Information:

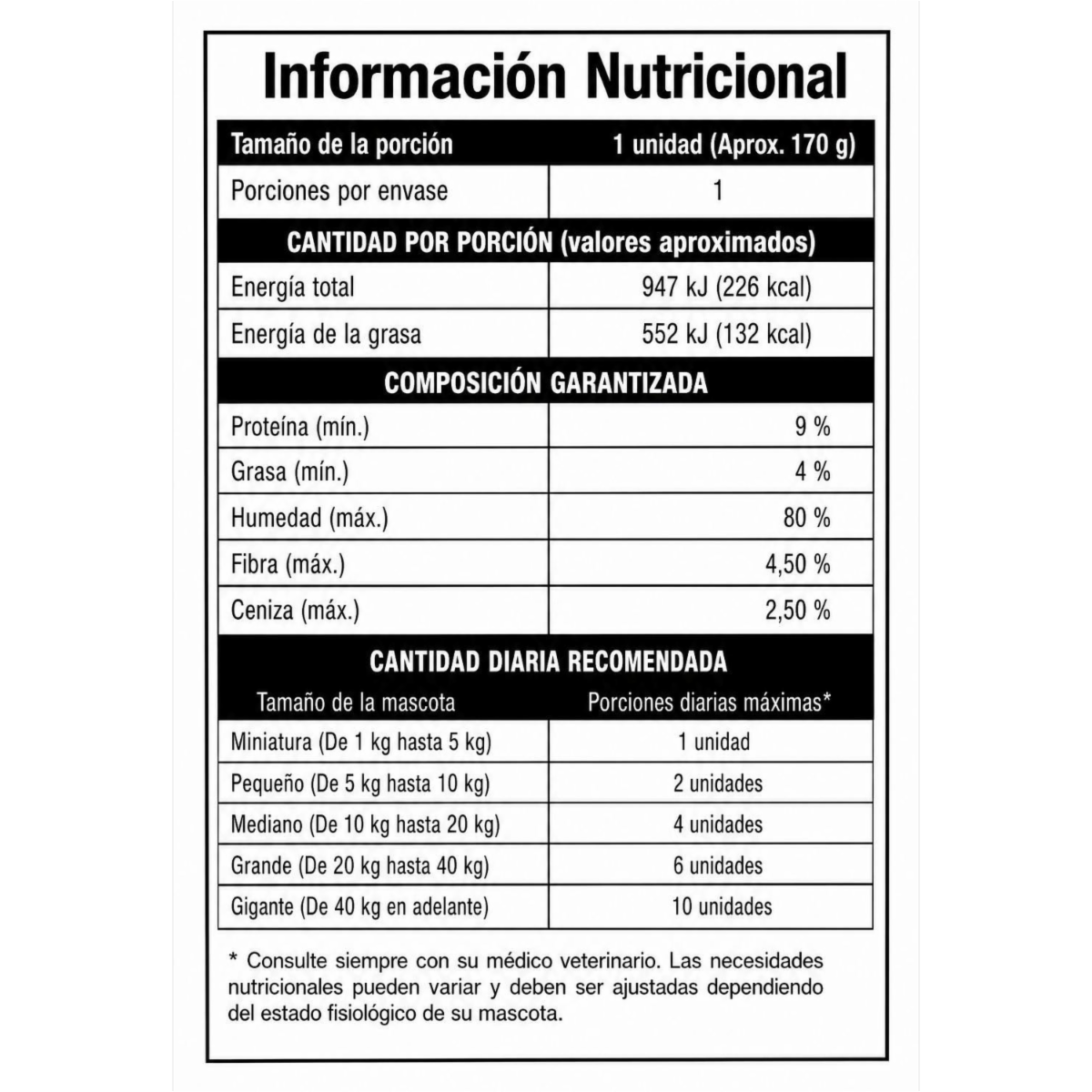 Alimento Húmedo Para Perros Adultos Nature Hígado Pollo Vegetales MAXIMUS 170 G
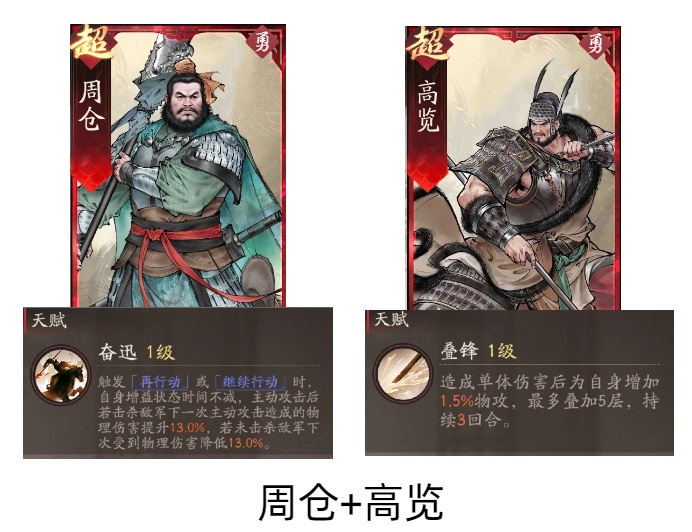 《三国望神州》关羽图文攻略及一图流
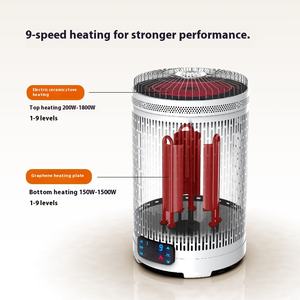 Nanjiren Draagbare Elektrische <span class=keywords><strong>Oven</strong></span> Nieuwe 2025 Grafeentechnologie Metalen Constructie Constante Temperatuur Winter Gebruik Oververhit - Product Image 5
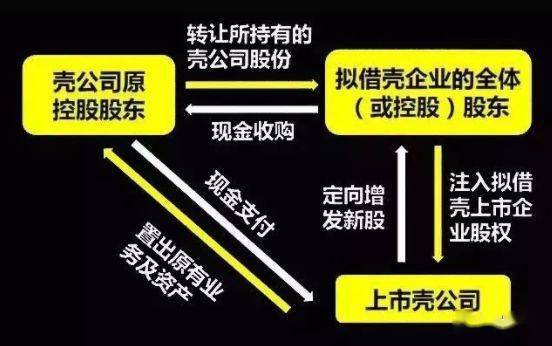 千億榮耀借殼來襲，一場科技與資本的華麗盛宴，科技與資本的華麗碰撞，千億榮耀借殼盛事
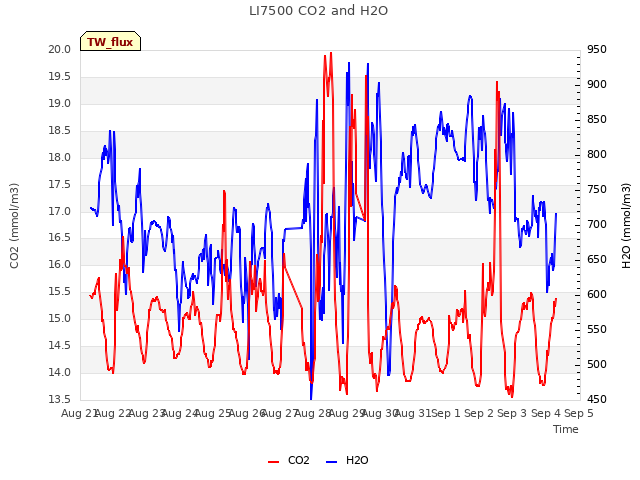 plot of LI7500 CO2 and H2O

What is expected: Each entry should be set down exactly, pictures excluded.

Answer box:
 Alimento Húmedo Para Perros Adultos Nature Hígado Pollo Vegetales MAXIMUS 170 G
 《三国望神州》关羽图文攻略及一图流
 Nanjiren Draagbare Elektrische <span class=keywords><strong>Oven</strong></span> Nieuwe 2025 Grafeentechnologie Metalen Constructie Constante Temperatuur Winter Gebruik Oververhit - Product Image 5
 千億榮耀借殼來襲，一場科技與資本的華麗盛宴，科技與資本的華麗碰撞，千億榮耀借殼盛事
 plot of LI7500 CO2 and H2O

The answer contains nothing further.